WHAT YOU WILL DO → Copy out the data exactly, leaving the pictures behind.
_ _ _ _ _ _ _
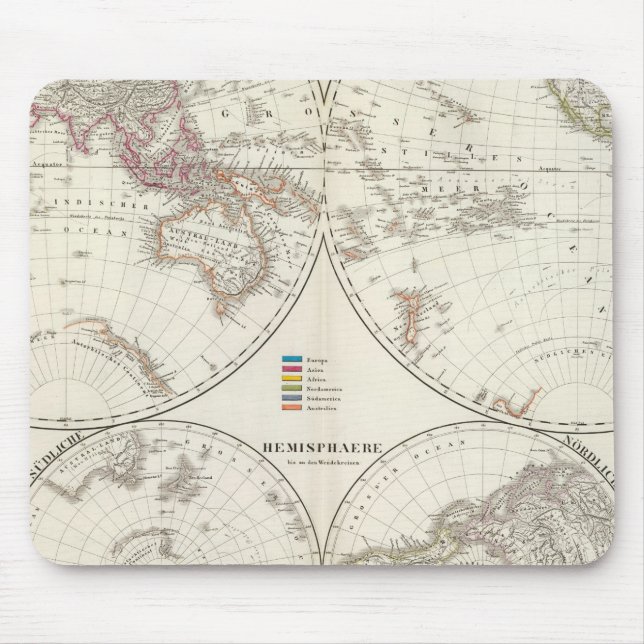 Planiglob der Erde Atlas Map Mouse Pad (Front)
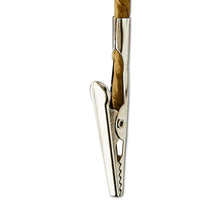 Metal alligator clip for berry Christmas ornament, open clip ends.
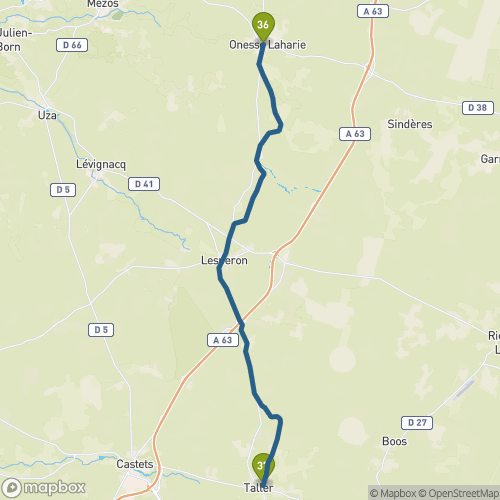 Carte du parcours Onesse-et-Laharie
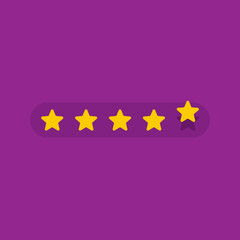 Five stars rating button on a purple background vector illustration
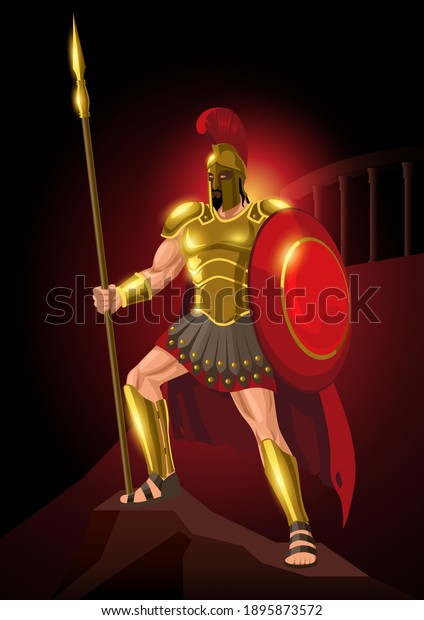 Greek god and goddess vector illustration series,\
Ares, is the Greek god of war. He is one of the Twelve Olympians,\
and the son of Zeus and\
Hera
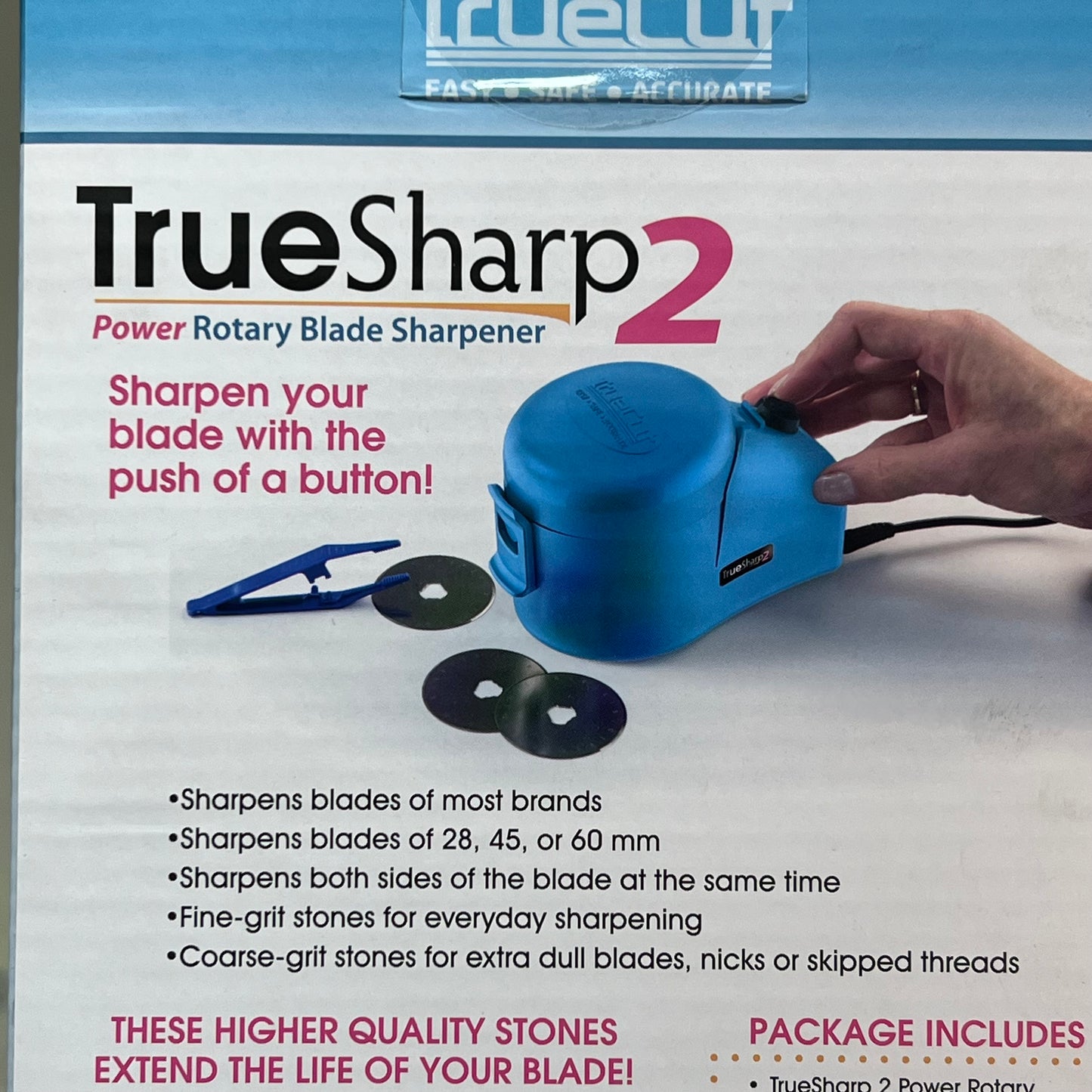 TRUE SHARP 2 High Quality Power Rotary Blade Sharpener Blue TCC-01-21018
_ _ _ _ _ _ _
TASK SOLUTION →
 Planiglob der Erde Atlas Map Mouse Pad (Front)
 Metal alligator clip for berry Christmas ornament, open clip ends.
 Carte du parcours Onesse-et-Laharie
 Five stars rating button on a purple background vector illustration
 Greek god and goddess vector illustration series,\
Ares, is the Greek god of war. He is one of the Twelve Olympians,\
and the son of Zeus and\
Hera
 TRUE SHARP 2 High Quality Power Rotary Blade Sharpener Blue TCC-01-21018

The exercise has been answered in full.